» **THE PROBLEM**
An exact transcript is required of the lines below, from the one containing "Pair of Chinese" through the very last; leave every picture out of it.
---------- PROVIDED DATA ----------
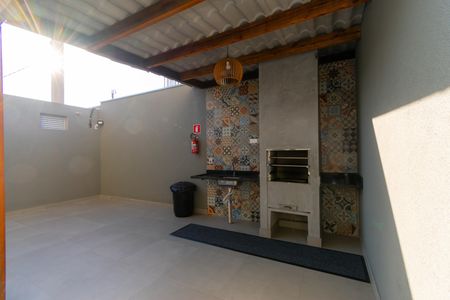 Apartamento para alugar com 39m², 2 quartos e 1 vagaÁrea comum
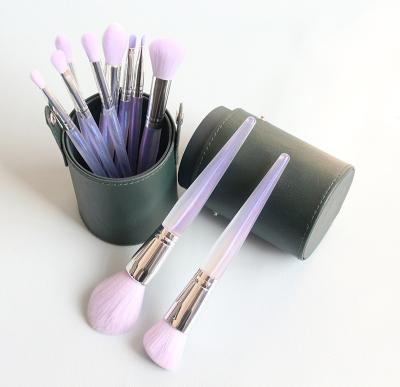 China High Quality Purple Logo Makeup Brush Set Custom Fan Brush Fisman OEM Makeup Brush for sale
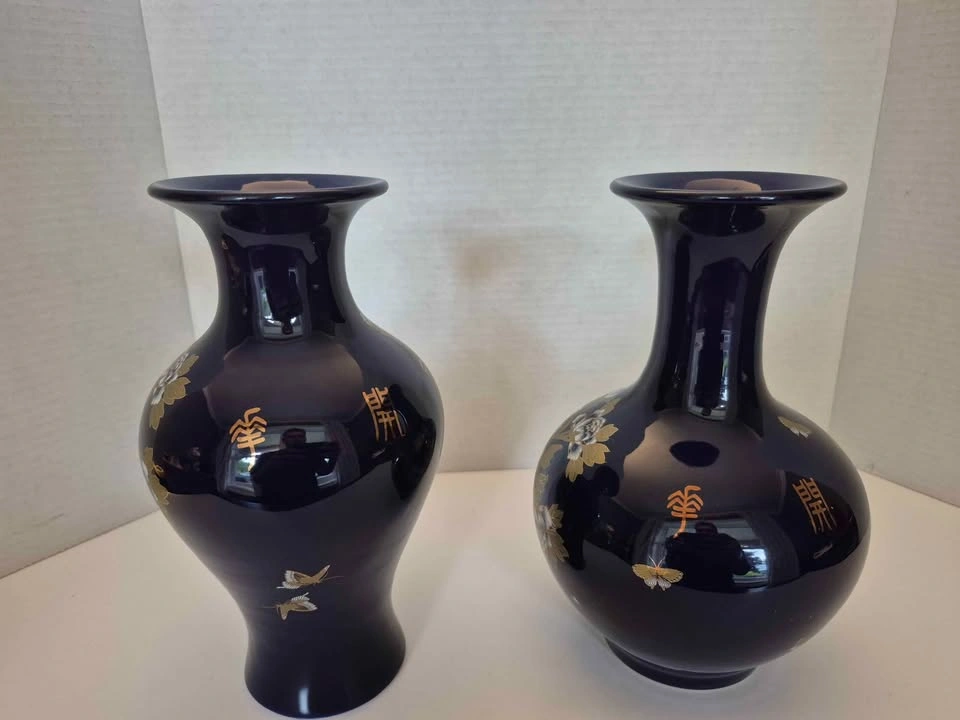 Pair of Chinese Cobalt Blue & Gold Porcelain Vases, 9.5" - photo 3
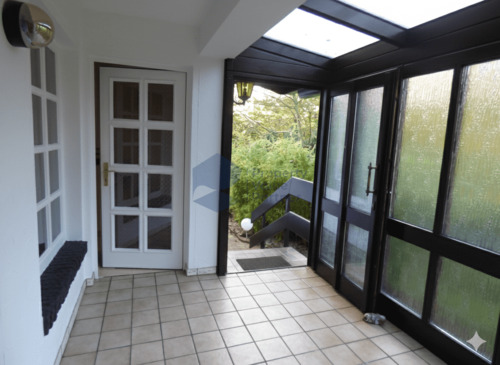 Eingangsbereich Vorbau - 7 Zimmer Mehrfamilienhaus, Wohnhaus zum Kaufen in Hannover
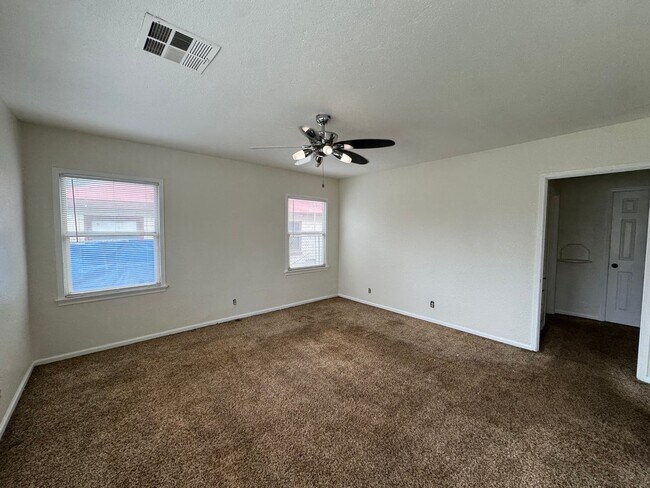 Foto del edificio - Charming home in 93308!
----------
» **WRITTEN RESPONSE**
 Pair of Chinese Cobalt Blue & Gold Porcelain Vases, 9.5" - photo 3
 Eingangsbereich Vorbau - 7 Zimmer Mehrfamilienhaus, Wohnhaus zum Kaufen in Hannover
 Foto del edificio - Charming home in 93308!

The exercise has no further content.